In the above description, CRN enumeration assumes that all species are isomorphic to each other in a CRN. In some scenarios, this might be inappropriate, because some species might have significantly different properties than others. For example, in reaction-diffusion systems, species A might represent a molecule that diffuses much faster in a solution than species B and C. Reactions A + B -> 2C and B + C -> 2A would normally be considered isomorphic, but the faster diffusivity of A would makes the spatiotemporal dynamics of the former reaction very different from the latter one.
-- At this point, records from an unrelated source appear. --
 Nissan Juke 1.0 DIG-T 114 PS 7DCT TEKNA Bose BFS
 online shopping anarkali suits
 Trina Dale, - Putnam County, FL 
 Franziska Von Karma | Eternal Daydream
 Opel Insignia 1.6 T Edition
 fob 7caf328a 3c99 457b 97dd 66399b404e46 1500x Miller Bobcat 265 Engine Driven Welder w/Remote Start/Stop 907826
Therefore, it can be desirable to consider those two CRNs as non-isomophic. Whereas, reactions A + B -> 2C and A + C -> 2B would still be considered isomorphic, since B and C don't play a special role.
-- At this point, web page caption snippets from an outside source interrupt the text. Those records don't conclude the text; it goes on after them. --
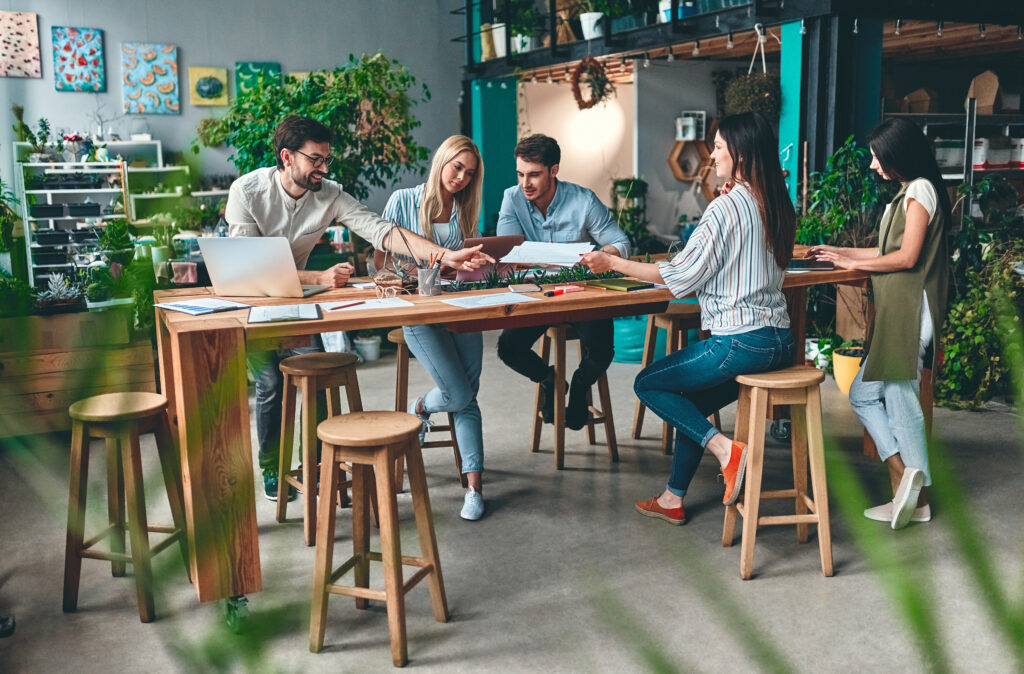 Enjeux de la RSE en entreprise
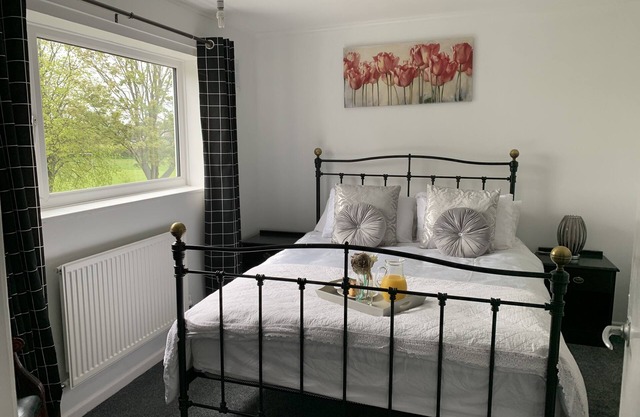 2Bedroom house Gorleston-on-Sea nr Norwich Airport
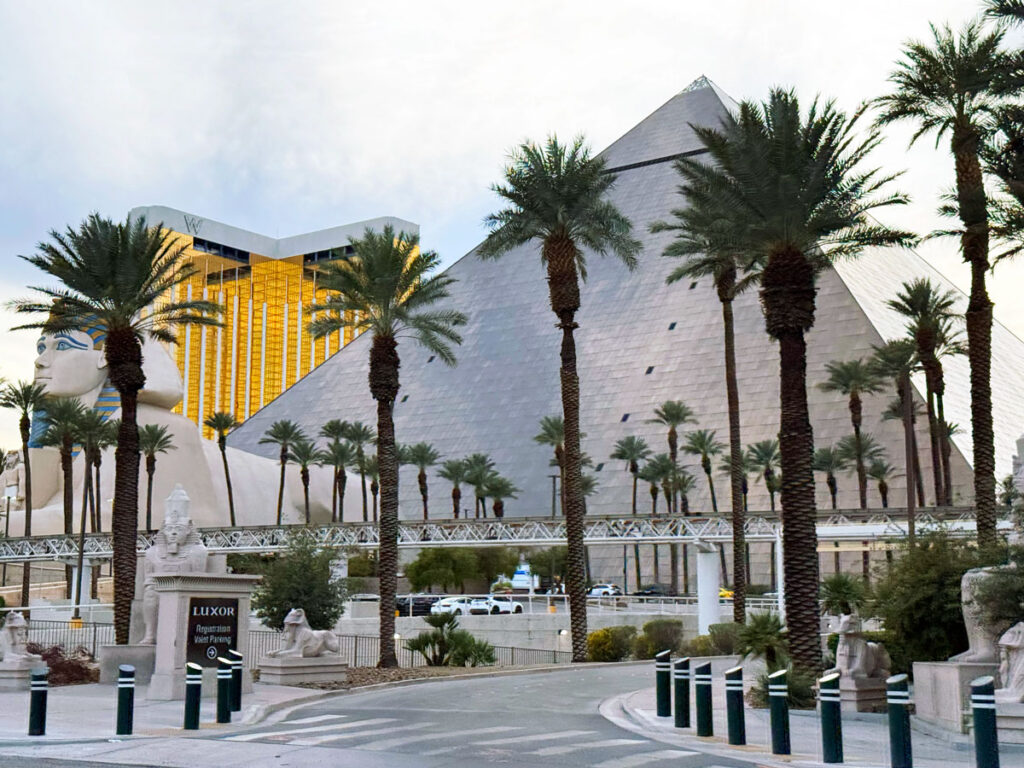 Luxor Las Vegas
To support this scenario, we can specify that species A belongs to one class, and that species B and C belong to another separate class. More generally, genCRN
supports the partitioning of CRN species into N classes. Species are considered isomorphic if and only if they belong to the same class. Given a Complex-Species graph (see "Fast enumeration of non-isomorphic chemical reaction networks"), the enumeration of such CRNs can be encoded by adding to the CS graph a new layer of vertices that assigns a class to a set of species, in the same fashion that species nodes in a CS graph assign a species to complexes. The enumeration algorithm of classes is very similar to the enumeration algorithm of CS graphs.